MUHAMMADIYAH melalui Lembaga Hikmah dan Kebijakan Publik (LKHP), kini tengah mempersiapkan rekomendasi terhadap pasangan calon (paslon) peserta Pilkada 2024. Sejumlah pertanyaan pun mulai muncul di kalangan warga Muhammadiyah terhadap prosesnya.
Pertanyaan warga Muhammadiyah itu tentunya punya alasan tersendiri, mengingat Muhammadiyah perlu melakukan sejumlah tahapan sehingga rekomendasi paslon di Pilkada 2024 itu diterbitkan. Salah satu pertanyaan itu adalah, sudahkah Muhammadiyah melakukan survei kelayakan dari paslon bersangkutan?

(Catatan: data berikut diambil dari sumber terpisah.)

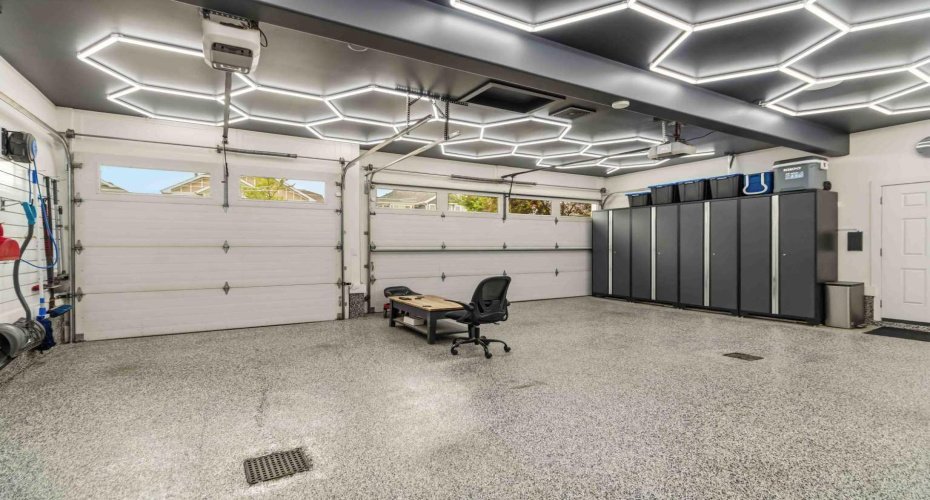 incredible triple car garage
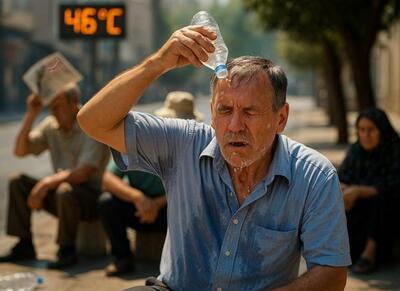 هشدار بی هنجاری گرما در ۲۷ استان تا جمعه - اکونیوز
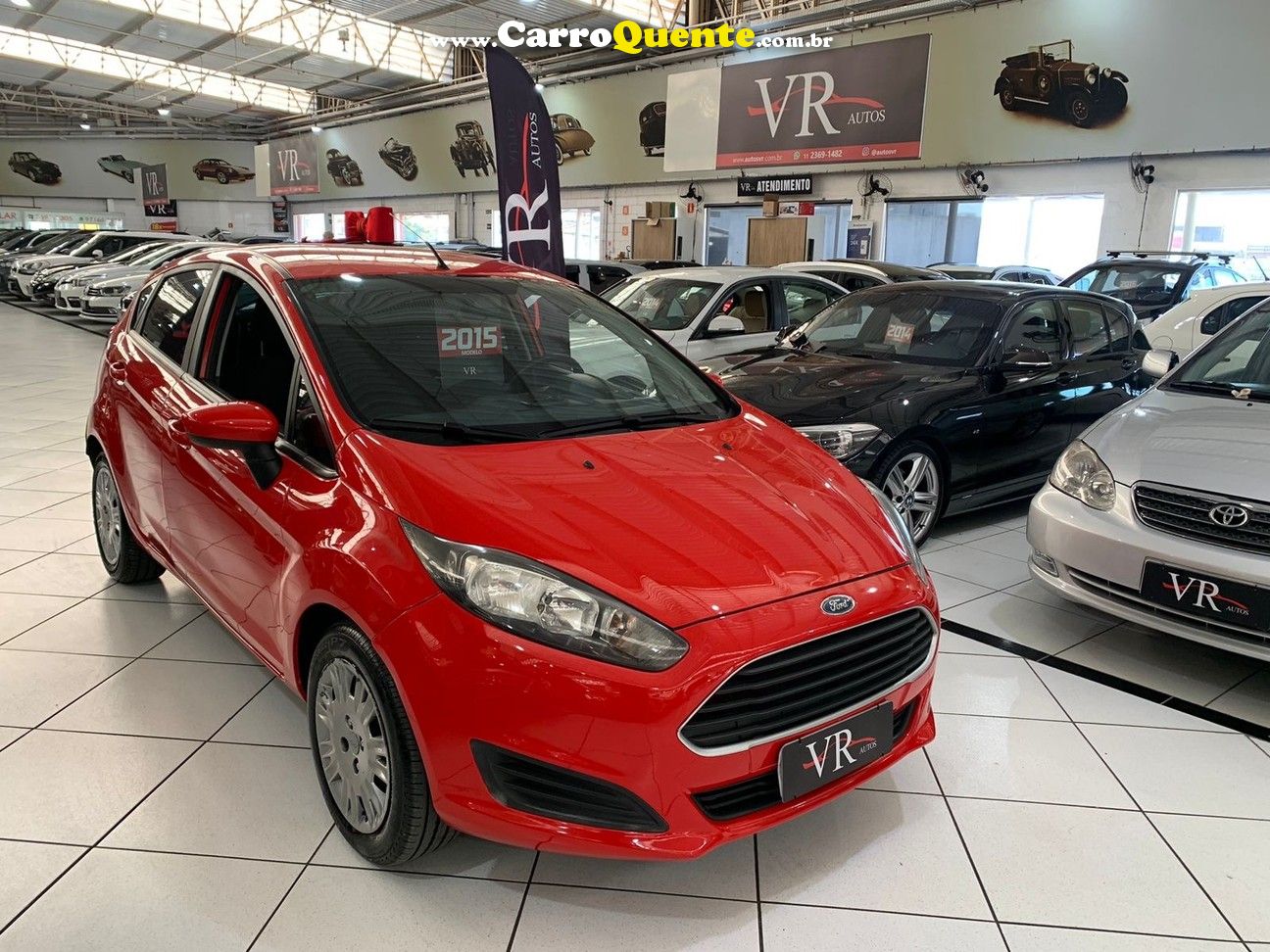 FORD FIESTA 1.6 SE HATCH 16V KM 88.000 MUITO NOVO !!!! - Loja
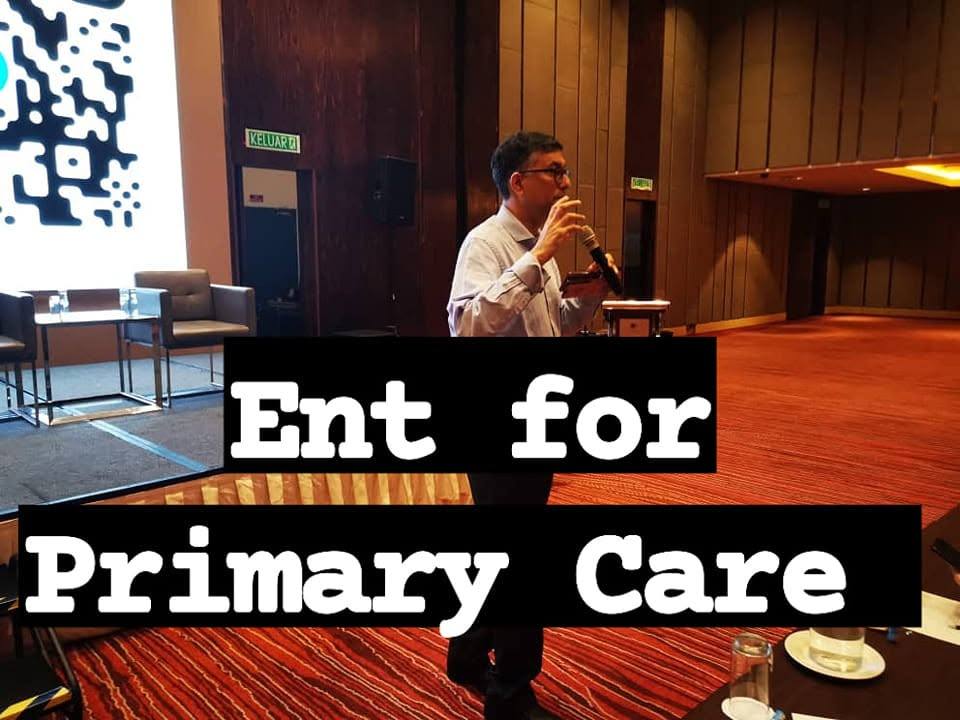 Photo 1 of 1: Dr Yap Yoke Yeow with the Malaysian Society of ENT Surgeons conducted an ENT Symposium for Primary Care…
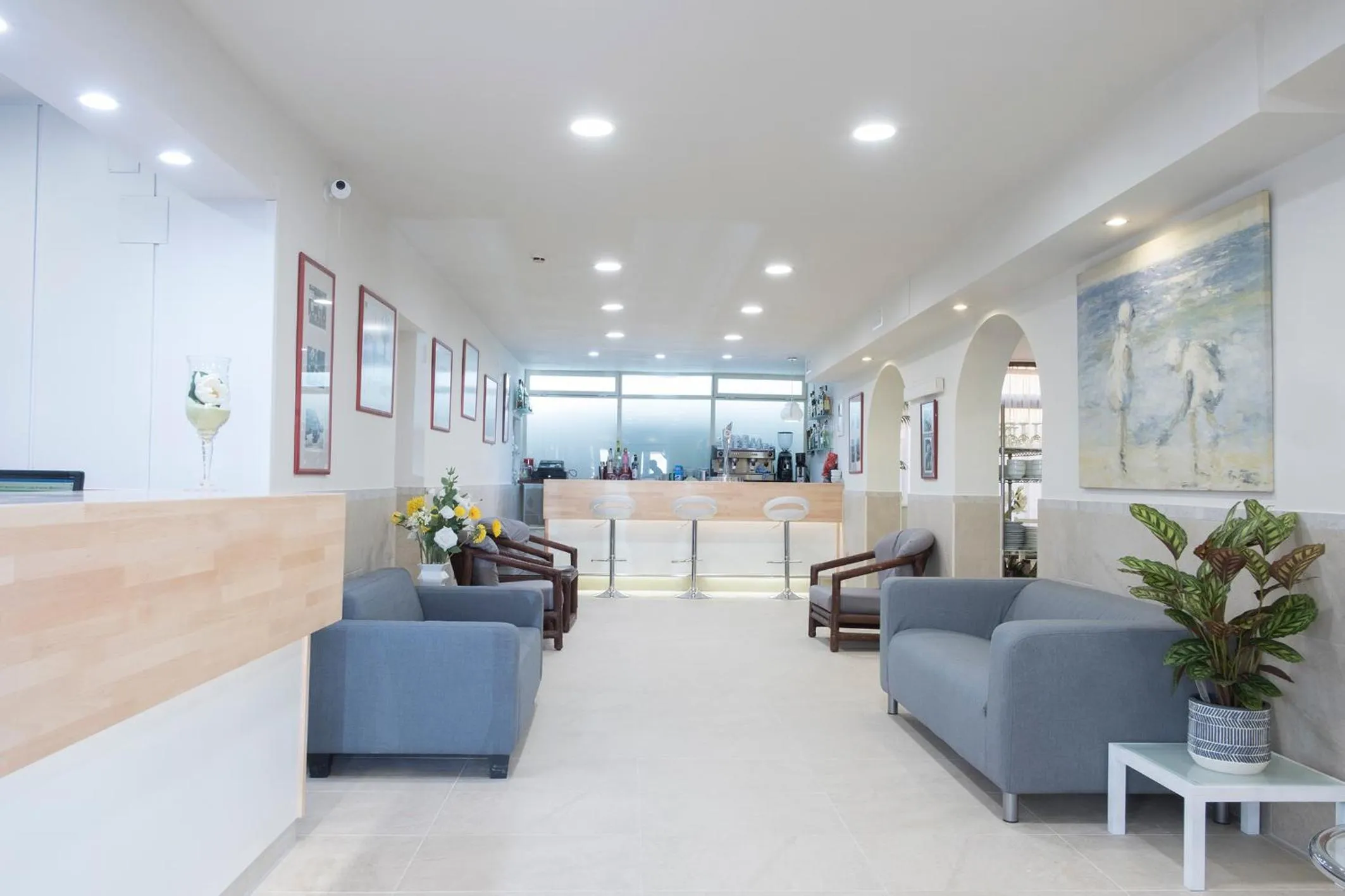 Decorative detail in Hotel Tolosa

Menjawab pertanyaan itu, saat berbincang dengan Wakil Ketua Pimpinan Wilayah Muhammadiyah (PWM) Sumatra Barat yang membidangi urusan hikmah dan kebijakan publik, Yosmeri Yusuf, penulis mendapatkan informasi bahwa beberapa kriteria telah ditetapkan.
Yosmeri menjelaskan ketika itu, pemberian rekomendasi yang diusulkan mencakup kriteria pada unsur moralitas, rekam jejak, kekaderan di Muhammadiyah, serta kedekatan hubungan dengan peryarikatan. Selain indikator itu, Muhammadiyah melalui LHKP, akan mendalami tingkat elektabilitas paslon yang akan direkomendasi.
Kembali pada pertanyaan yang timbul dari perbincangan banyak warga Muhammadiyah, apakah untuk menilai indikator tersebut telah diturunkan tim survei lapangan untuk melihat sejauhmana paslon terkait memenuhi syarat secara objektif untuk mendapatkan rekomendasi organisasi kemasyarakatan terbesar di negeri ini?
Bicara objektivitas, tentunya bersandar pada nilai-nilai yang dikandung oleh Muhammadiyah itu sendiri, sebagai organisasi pencerahan, menjadikan setiap kebijakan yang dilahirkan berdampak positif pada umat dan seluruh jenjang struktural Muhammadiyah di setiap daerah.
Apakah mungkin usulan rekomendasi dari tiap daerah muncul sebagai bentuk pengaruh dari sejumlah pihak yang bercokol di Muhammadiyah, dan membawa kepentingan salah satu paslon? Untuk menjawabnya, perlu dilakukan pendalaman kepada setiap unsur pimpinan pada jenjang-jenjang yang menerbitkan usulan tersebut.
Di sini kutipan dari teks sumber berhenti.